As the balletLORENT website puts it: “The pregnant woman symbolises life at its most vulnerable, yet most potent.
“As her aspirations and fears
shift, she finds herself poised between the life lived and the life that will be.”
The woman sitting opposite me in a Newcastle cafe has now moved on. The “life that will be” has become the life being lived. So how is Liv finding motherhood?
“I can’t believe how much I love him,” she says through the broadest of smiles.
“I thought I knew everything about love. Everything! But this is a whole new utter devotion and unconditional love. I do understand now why people say it’s like falling in love again.
“And now, already, I have lost the little baby who wanted breast-feeding on demand for weeks and months.
“Now I have a toddler to look after and he’s changing shape all the time. And in a few years’ time he’ll go to school... it’s a miracle that all parents live with and go through but it’s still new to me.”
It has changed her attitude in so many ways, she says.
“Now I’ll help people going through doors with pushchairs because I know what it’s like. I think before, I was one of those people who probably just walked past.
“Mothers with pushchairs and toddlers can become invisible to a lot of people.”
All of this brings us to Blood, Sweat & Tears, the new work which balletLORENT will premiere at Northern Stage on Friday, with a repeat performance on Saturday.
While MaEternal was about pregnancy and impending motherhood, this is about motherhood and all it entails.
Inevitably, since the aptly-named balletLORENT is driven to a large degree by the feelings and interests of its founder, it was inspired by Liv’s experiences since Albie came into the world.
As for the title, Liv explains that she grew up with it ringing in her ears. Her father was fond of the phrase, even though both he and she knew it wasn’t quite Churchill, who actually referred to “blood, toil, tears and sweat” in the early years of the Second World War.
“The phrase for me sums up a great effort in the noblest cause.
“It struck me that having a baby, from the onset of labour, is nothing but blood, sweat and tears, quite literally.
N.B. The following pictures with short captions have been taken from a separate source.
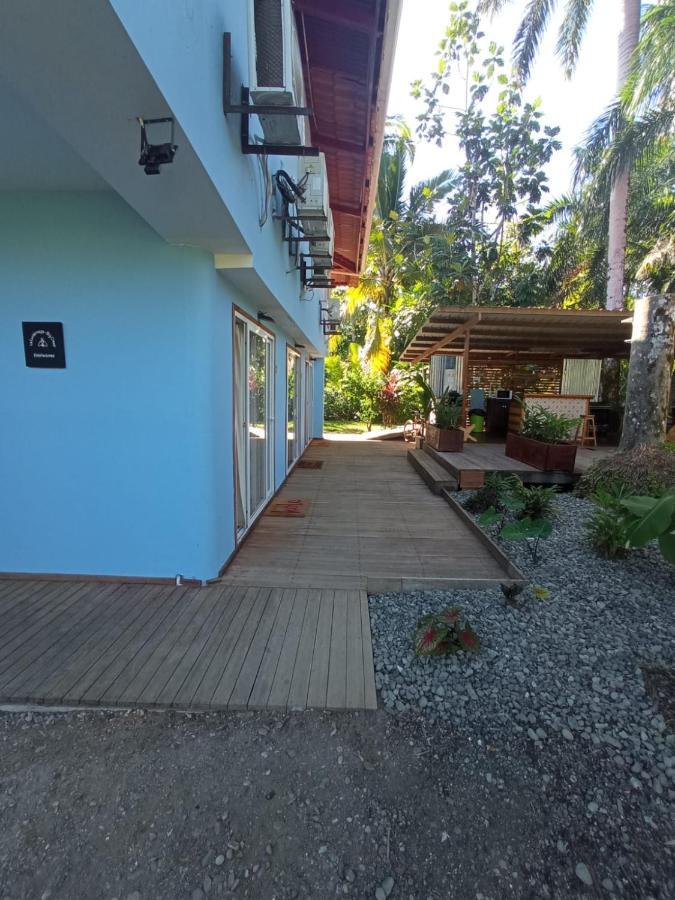 La Luciernaga Big Creek Bed and Breakfast Bocas del Toro Eksteriør billede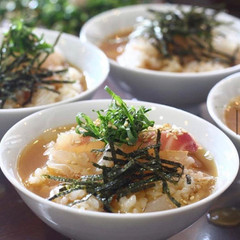 宇和島鯛めし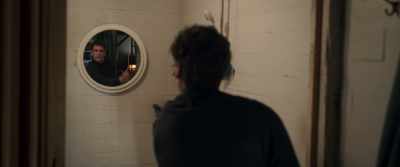 ARTHUR: It's maddening, isn't it?
STEVEN: Hello? - Moon Knight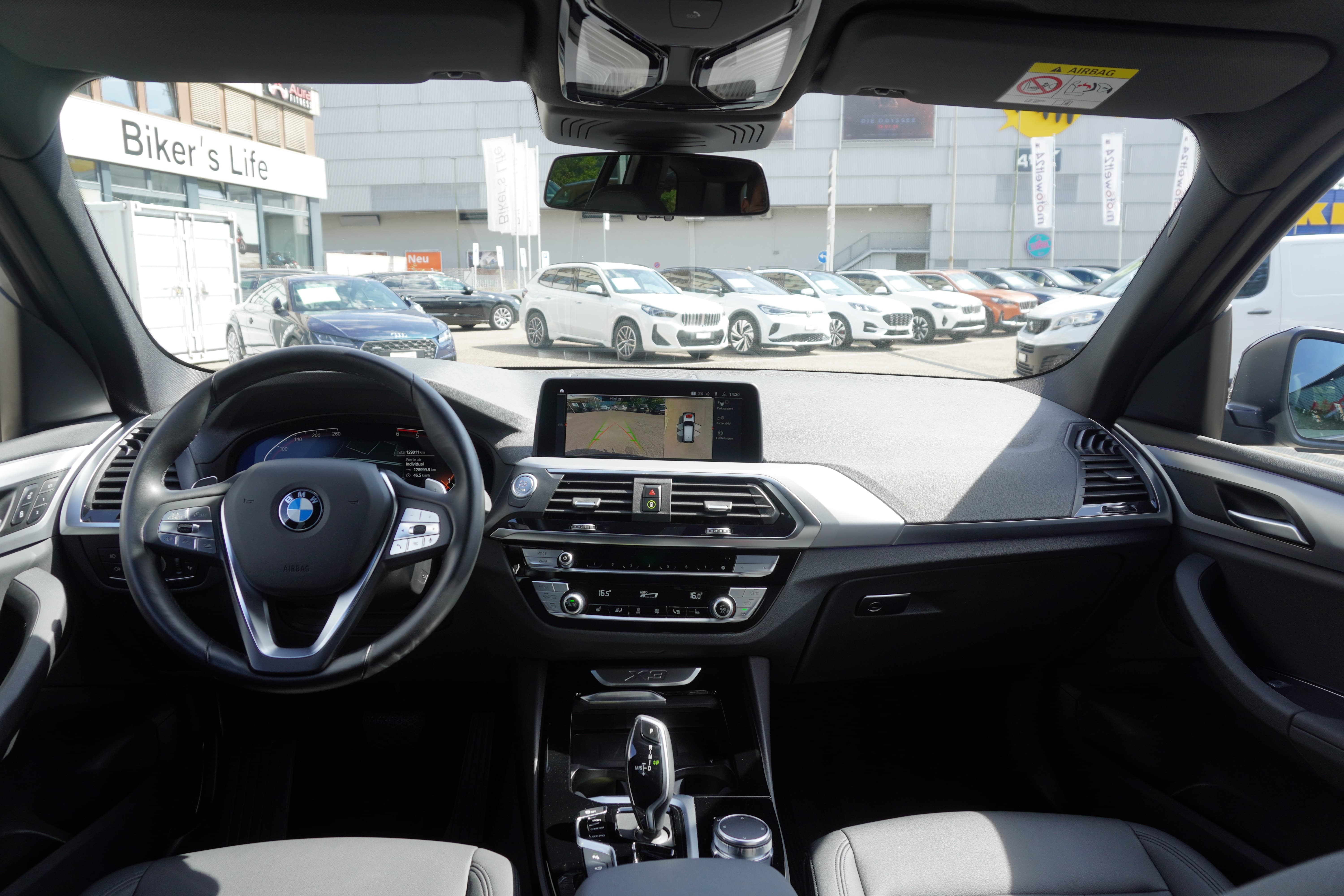 BMW X3 xDrive 48V 20d Steptronic - Bild 17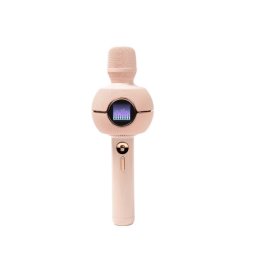 Divoom StarSpark mikrofon sa zvučnikom u pink boji ( 90100058216 )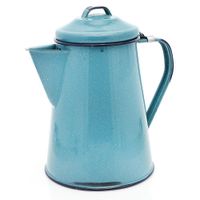 Cafétera Mty 2 Lt Azul Turquesa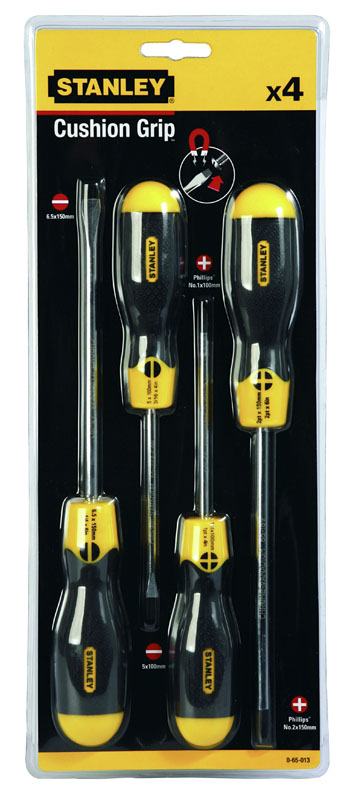 Набор отверток STANLEY 0-65-013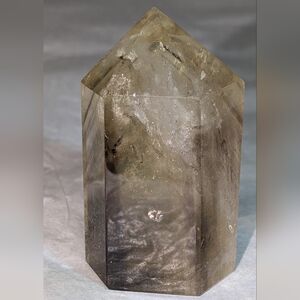 Smokey Citrine Tower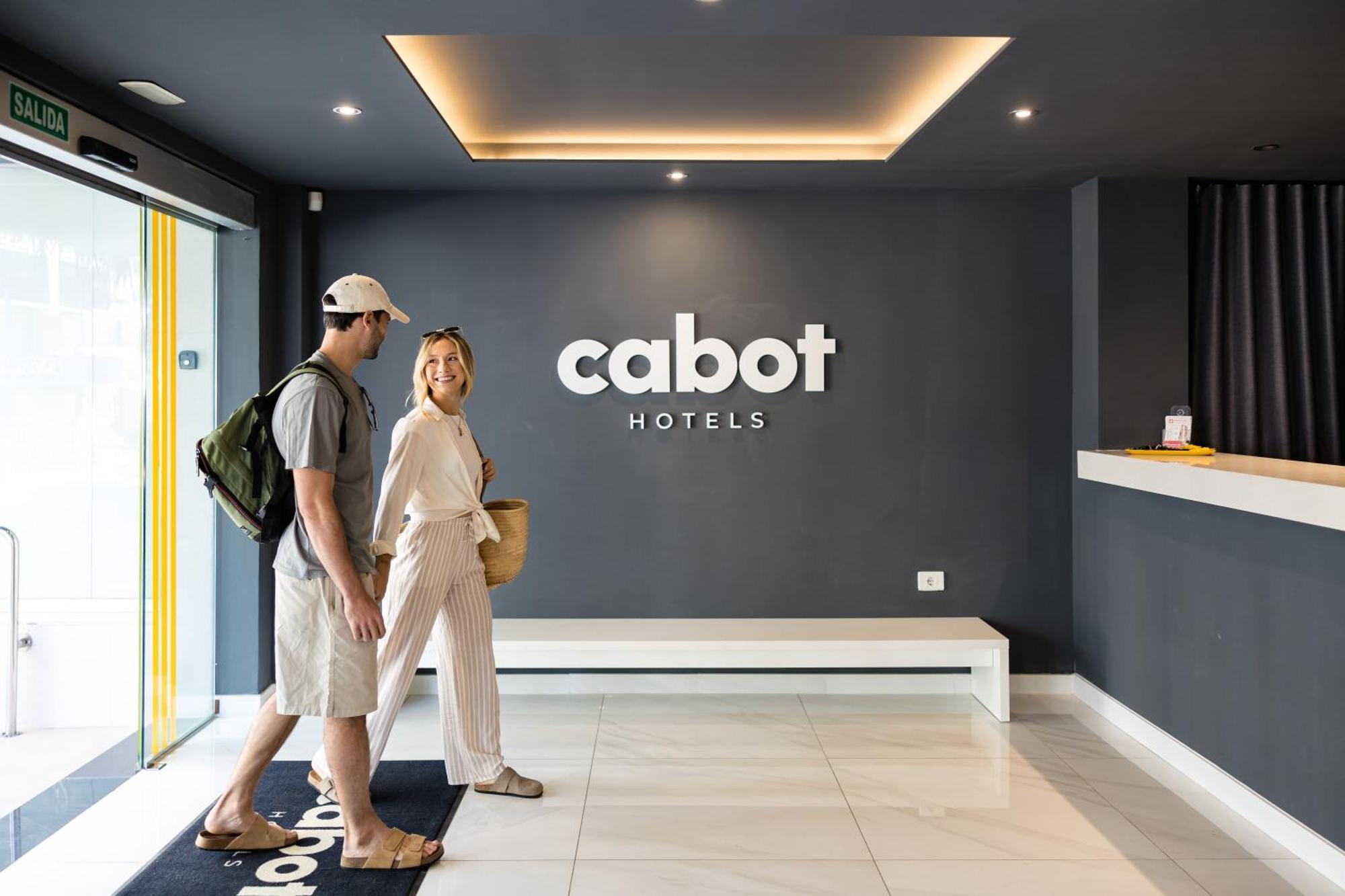 מלון פלאייה דה פאלמה Cabot Playa Grande - Adults Only מראה חיצוני תמונה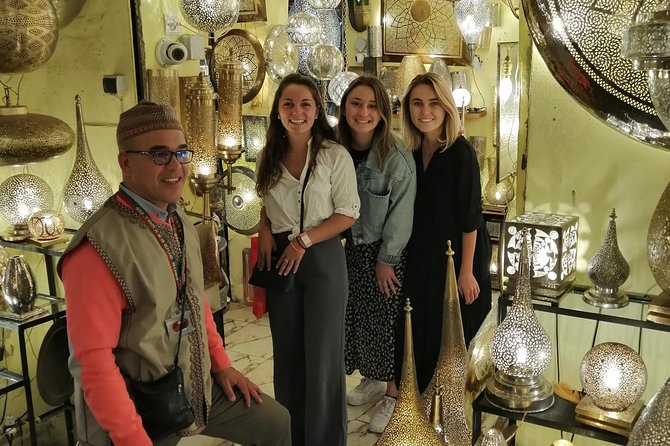 Marrakech Old Stories Shopping Experience - Discovering Artisanal Workshops
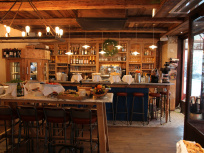 Marcella : brunch italien et buffet à volonté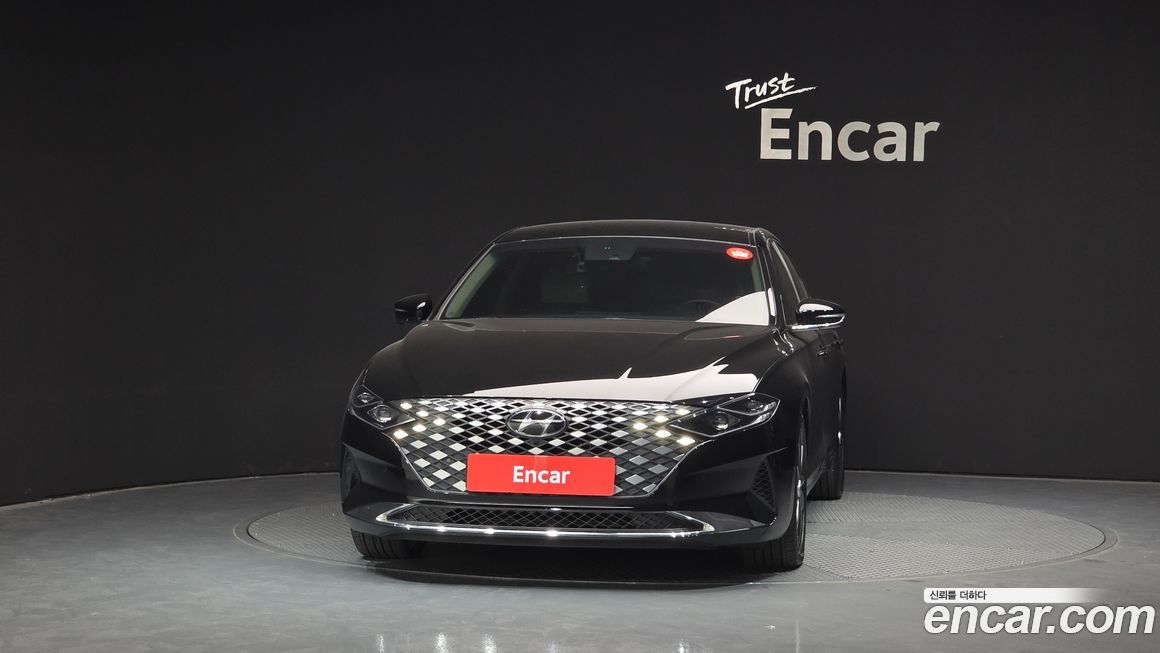Hyundai Grandeur 2022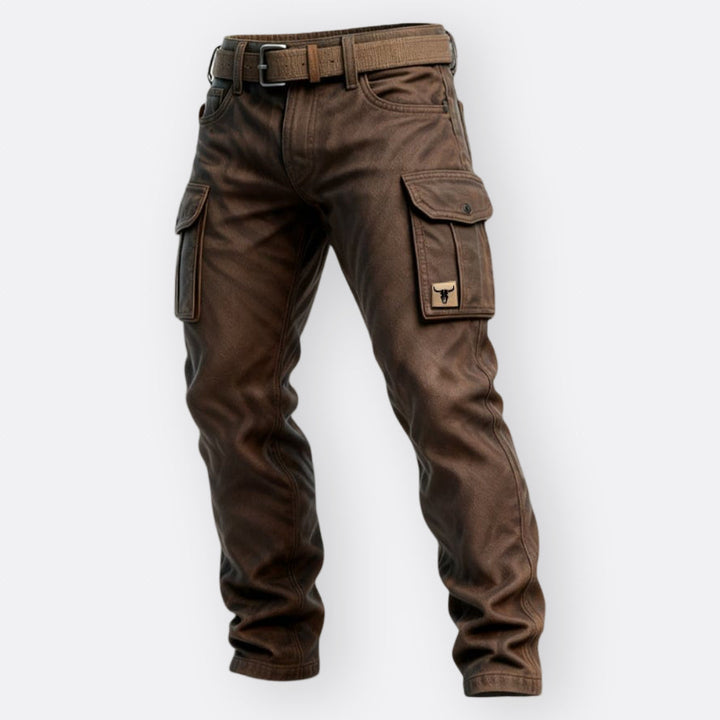 Roland - Padded Utility Pants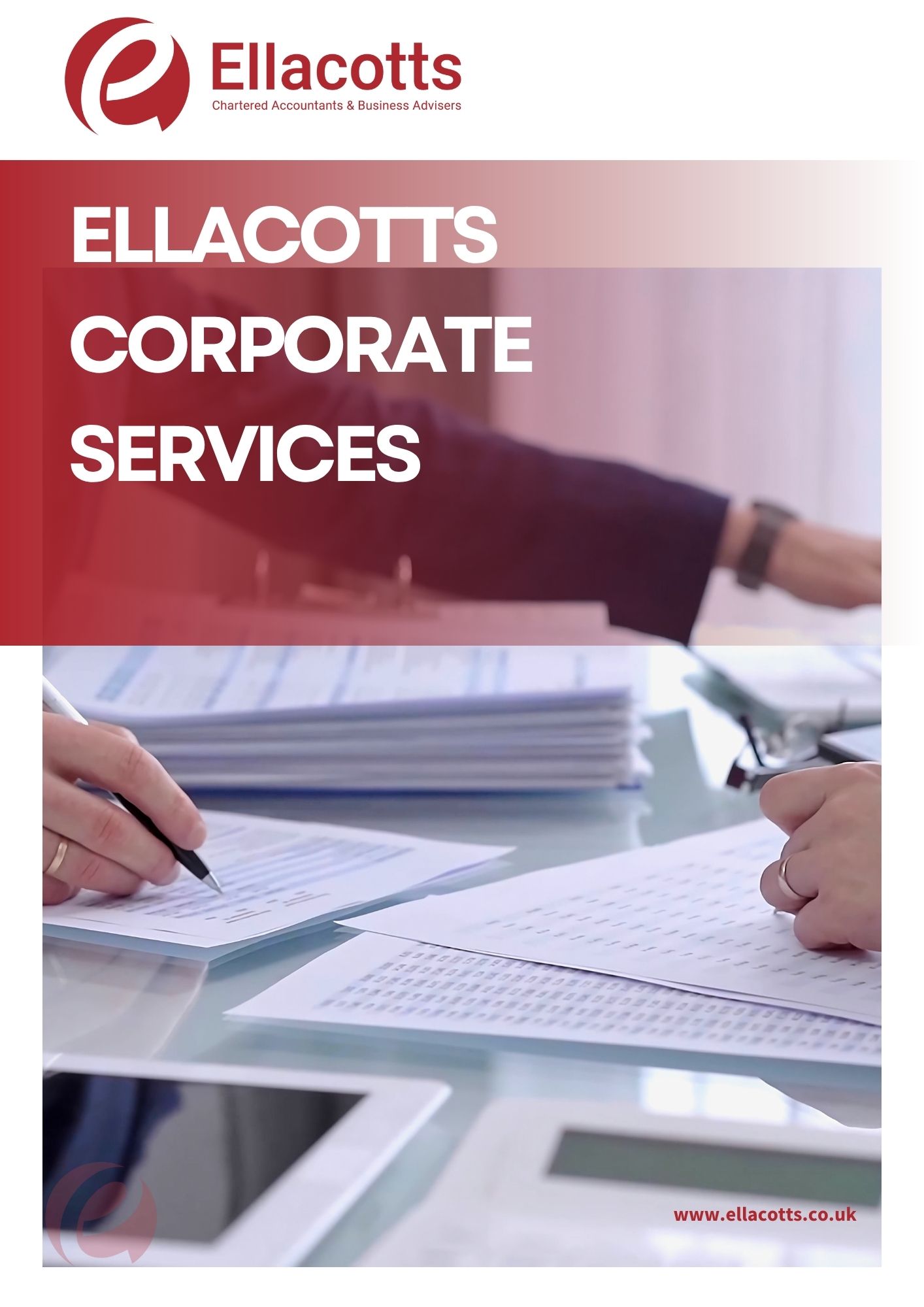 Corporate Services Brochure 2025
I wanted to put it into choreography, the sheer physical and emotional weight of it, and the fact that you would do anything and suffer anything for this new person in your life.”
Liv recalls those first few weeks of motherhood when the sudden loss of freedom “hits you like a cannonball” and you realise that everything has changed.
When she was beginning the process of developing a new piece of work, thereby satisfying the demands of the business plan, she asked herself: “How can I do a piece about anything else but this?
“I always make a piece about some element of truth that is from my present or from my memory and I’m actually shocked by all the emotions I’ve experienced in the 18 months since he was born.”
So this is it. Tickets for Blood, Sweat & Tears (Northern Stage, Friday and Saturday, 7.30pm) from the box office on 0191 230 5151.
At this moment Albie turns up with his grandma.
Chewing on a biscuit, he has the air of a chap who has the women in his life just where he wants them.